Methods: Medical records of 182 patients who underwent ultrasound guided EUS with FNA and/or FNB of pancreatic lesions from University Louisville Hospital were reviewed in this retrospective study. Only those patients who had pancreatic solid mass lesions as pre-procedure diagnosis were included. Size of the lesions were classified in three groups: 0-1cm, >1cm-2cm, >2cm. Adequacy of samples were determined by a pathologist. Post-procedure readmissions and/or ER visits, up to one month after EUS, were obtained from University of Louisville medical records. Welch Two sample t-test analysis was performed to assess the relationship between the number of passes and the technique used for biopsy. A p-value< 0.05 deemed statistically significant.
Results: 78 patients were included in analysis. The average age was 63 and males represented 59% of the total population. 64% of the lesions were localized on the head, 16% in the tail, 11% in the body, and 9 % in the neck of the pancreas. Size of most of the lesions were >2cm (74%) and >1cm-2cm (19%). The mean number passes was 4,SD=2. Compared with FNA, FNB did not require significantly lower number of passes (3.58 vs 4.36, 95% CI: -0.49,2.06; p=0.216). FNA was performed in 41% of the cases. From all the specimens submitted to pathology, there were 0 unsatisfactory specimens in the FNB group, and 2 (7%) unsatisfactory specimens in the FNA group (p=0.161).
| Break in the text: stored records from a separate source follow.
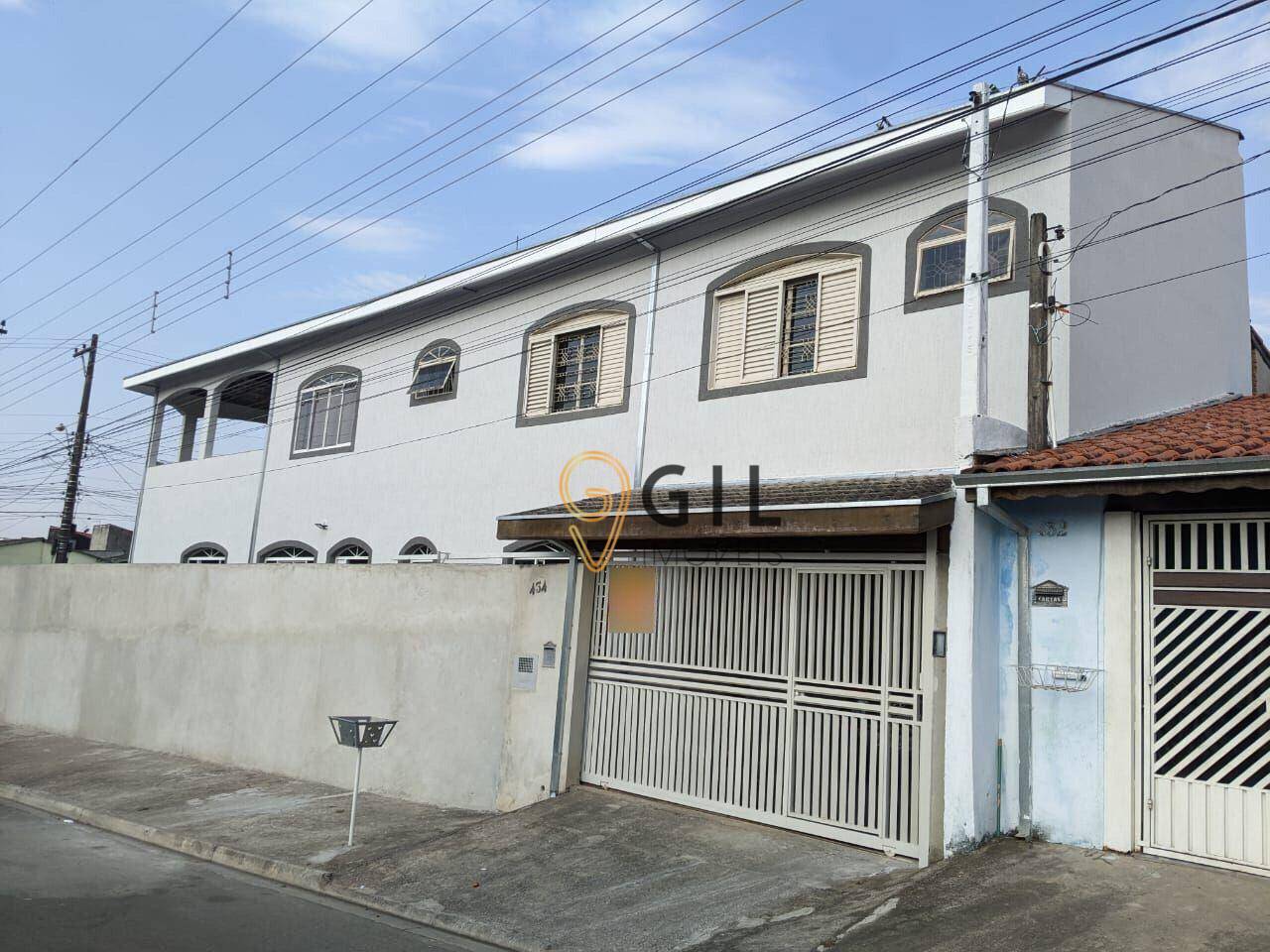 Sobrado à venda com 3 quartos, 230m² - Foto 1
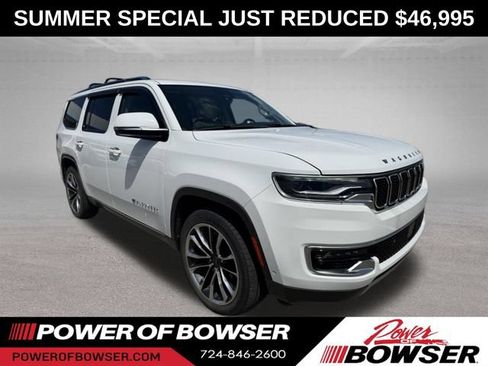 Used 2022 Jeep Wagoneer Series III w/ Premium Group I AWD/4WD image 13
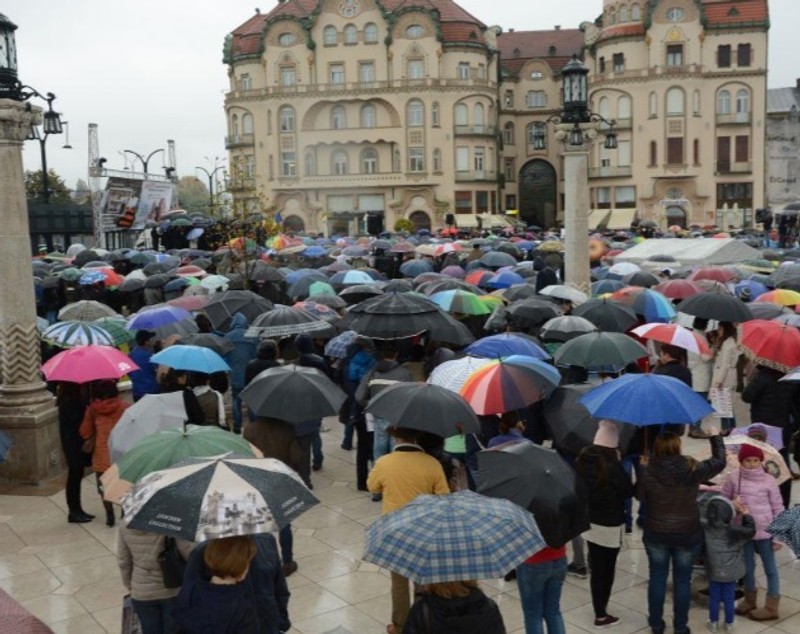 Mii de oameni în stradă, la Oradea! Nu vor căsătorii între persoanele de același sex FOTO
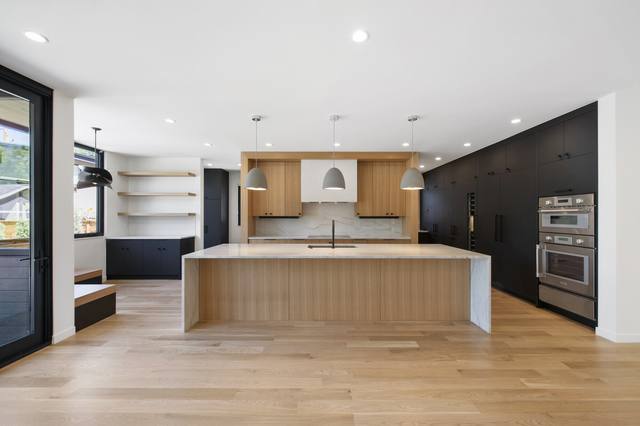 Interior of a Caliber custom home in Denver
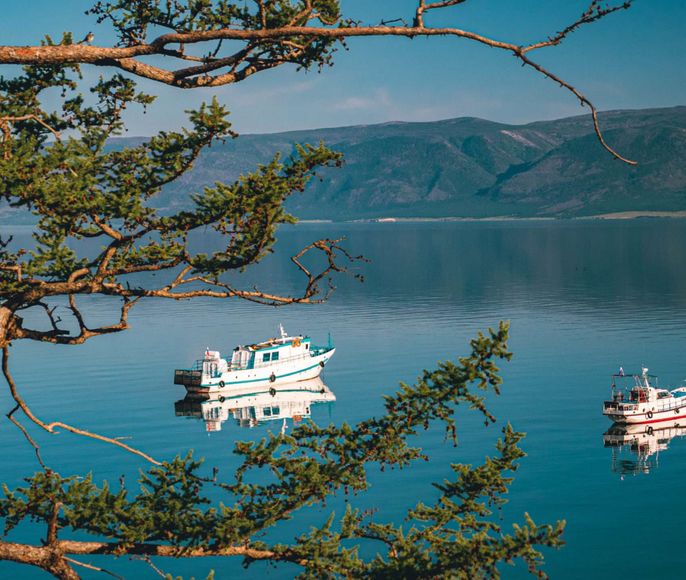 Водная гладь Байкала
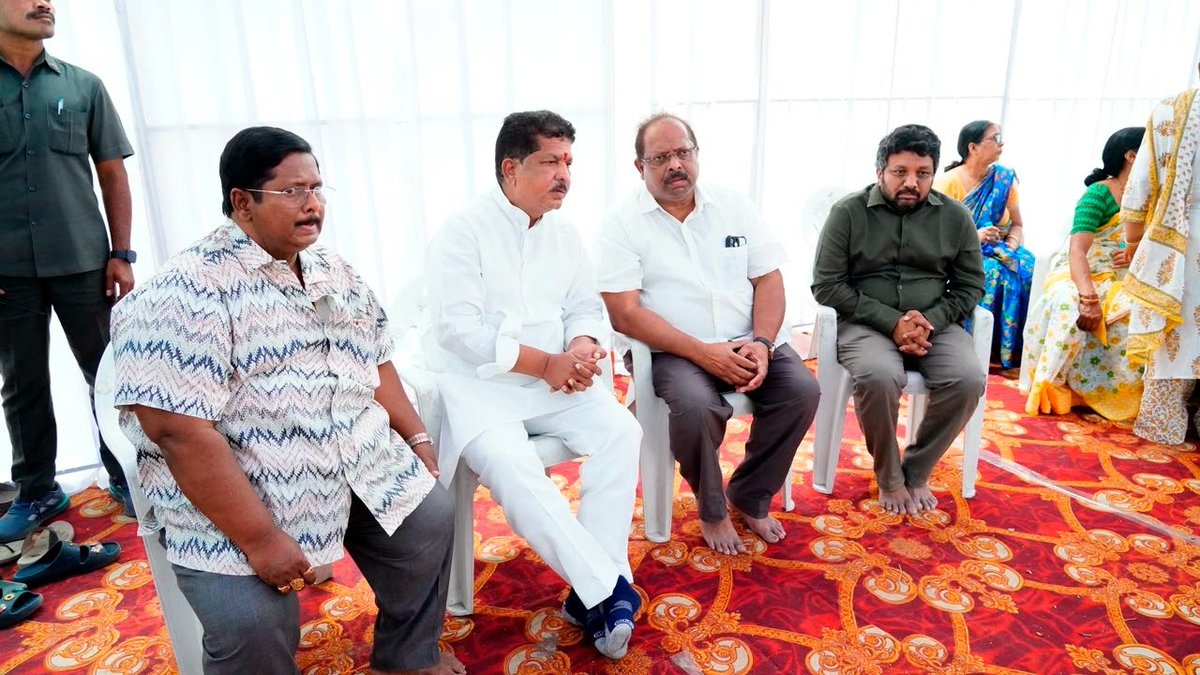 mkrkkpmla's tweet photo. ఆలివ్ స్వీట్స్ అధినేత దొరరాజు గారి మాతృ మూర్తి శాంత కుమారి గారు స్వర్గస్తులైనారన్న విషయం తెలుసుకుని.. వారి నివాసం వద్ద వారి పార్థివదేహానికి నివాళులర్పించి వారి కుటుంబ సభ్యులకు తమ ప్రగాఢ సానుభూతి తెలియజేసిన @kkpmla, కోఆర్డినేటర్ సతీష్ అరోరా గారు.. https://t.co/wgaf1tSAEH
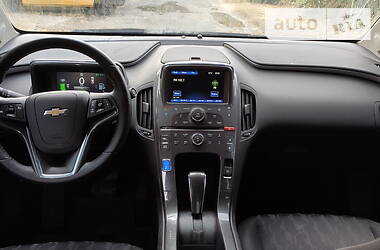Лифтбек Chevrolet Volt 2015 в Новых Санжарах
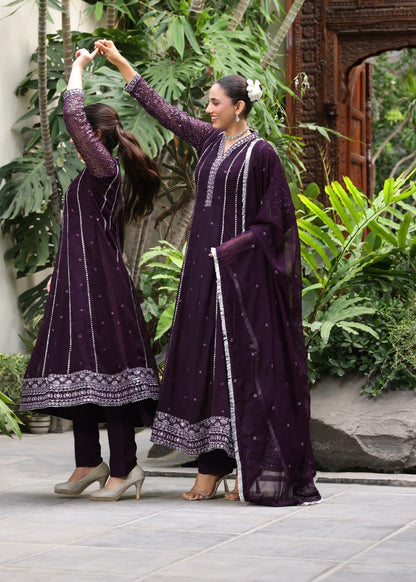 Embroidered Purple Chiffon Festive Pishwas Online in Sri Lanka India Australia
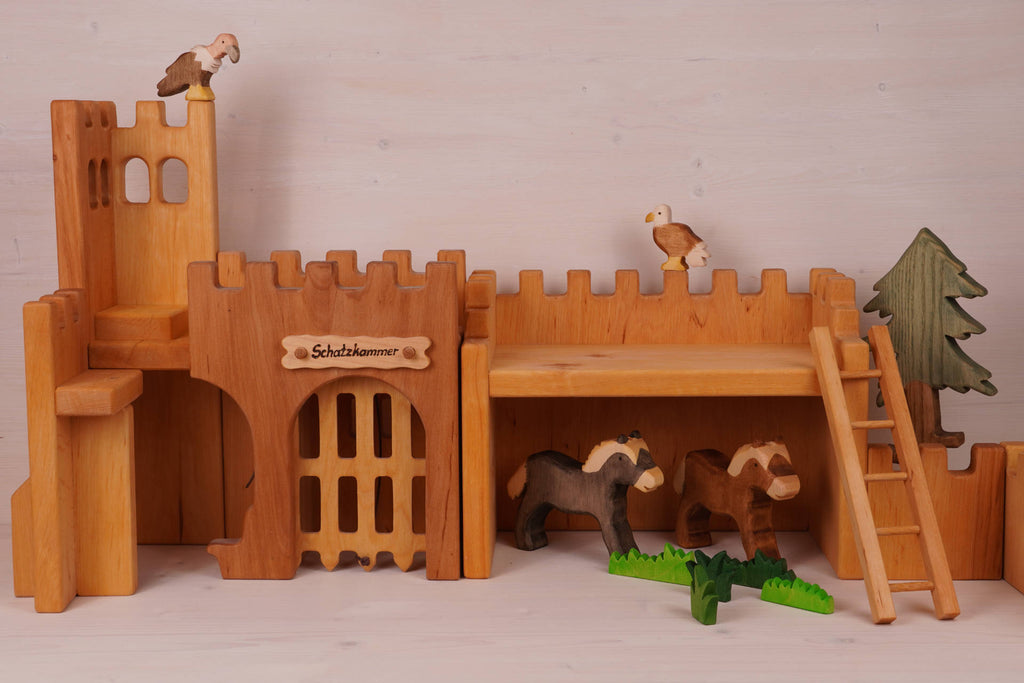 Pferdestall Höhe 22 cm 30x16 cm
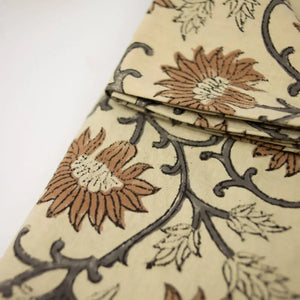 Pöytäliina 150*300, Emery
From suspected malignant lesions, FNA could detect 31% of malignant neoplasms, and FNB 41%. Six patients required ER visit/Hospital admission after the procedure, but only 3 patients were admitted for problems related to the procedure (pancreatitis, intractable nausea and abdominal pain).
Discussion: There is no difference between the number of passes between EUS-FNA and EUS-FNB for pancreatic solid masses.
Citation: Fitsum Woldesellassie, MD; Rios Cristian, MD; Surosree Ganguli, MD; Chandler Thomas; Stephen Furmanek; Stephen McClave, MD; Endashaw Omer, MD. P0907 - COMPARISON OF ENDOSCOPIC ULTRASOUND FINE-NEEDLE ASPIRATION AND FINE-NEEDLE BIOPSY FOR SOLID PANCREATIC MASSES. Program No. P0907. ACG 2019 Annual Scientific Meeting Abstracts. San Antonio, Texas: American College of Gastroenterology.